EXERCISE DIRECTIONS :: Each line of the listing below must be returned exactly.

** Opening EXERCISE INPUTS block **

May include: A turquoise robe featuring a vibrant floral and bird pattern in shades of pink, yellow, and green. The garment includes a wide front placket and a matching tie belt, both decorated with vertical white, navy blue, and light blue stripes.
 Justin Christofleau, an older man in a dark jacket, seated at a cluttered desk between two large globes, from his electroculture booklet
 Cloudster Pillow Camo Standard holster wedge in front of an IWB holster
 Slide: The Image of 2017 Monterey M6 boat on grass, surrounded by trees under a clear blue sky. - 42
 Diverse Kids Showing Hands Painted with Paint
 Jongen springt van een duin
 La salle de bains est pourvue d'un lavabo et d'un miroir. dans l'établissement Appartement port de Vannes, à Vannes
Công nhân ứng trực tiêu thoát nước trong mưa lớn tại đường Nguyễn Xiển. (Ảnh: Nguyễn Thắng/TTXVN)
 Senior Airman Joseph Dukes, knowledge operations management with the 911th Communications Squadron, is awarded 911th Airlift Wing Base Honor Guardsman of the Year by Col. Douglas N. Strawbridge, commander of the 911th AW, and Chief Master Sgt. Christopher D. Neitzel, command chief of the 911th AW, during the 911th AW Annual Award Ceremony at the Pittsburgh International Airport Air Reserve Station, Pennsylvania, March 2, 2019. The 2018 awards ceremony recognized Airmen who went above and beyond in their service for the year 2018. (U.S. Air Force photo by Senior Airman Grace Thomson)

** Closing EXERCISE INPUTS block **

RESPONSE ::
May include: A turquoise robe featuring a vibrant floral and bird pattern in shades of pink, yellow, and green. The garment includes a wide front placket and a matching tie belt, both decorated with vertical white, navy blue, and light blue stripes.
 Justin Christofleau, an older man in a dark jacket, seated at a cluttered desk between two large globes, from his electroculture booklet
 Cloudster Pillow Camo Standard holster wedge in front of an IWB holster
 Slide: The Image of 2017 Monterey M6 boat on grass, surrounded by trees under a clear blue sky. - 42
 Diverse Kids Showing Hands Painted with Paint
 Jongen springt van een duin
 La salle de bains est pourvue d'un lavabo et d'un miroir. dans l'établissement Appartement port de Vannes, à Vannes
Công nhân ứng trực tiêu thoát nước trong mưa lớn tại đường Nguyễn Xiển. (Ảnh: Nguyễn Thắng/TTXVN)
 Senior Airman Joseph Dukes, knowledge operations management with the 911th Communications Squadron, is awarded 911th Airlift Wing Base Honor Guardsman of the Year by Col. Douglas N. Strawbridge, commander of the 911th AW, and Chief Master Sgt. Christopher D. Neitzel, command chief of the 911th AW, during the 911th AW Annual Award Ceremony at the Pittsburgh International Airport Air Reserve Station, Pennsylvania, March 2, 2019. The 2018 awards ceremony recognized Airmen who went above and beyond in their service for the year 2018. (U.S. Air Force photo by Senior Airman Grace Thomson)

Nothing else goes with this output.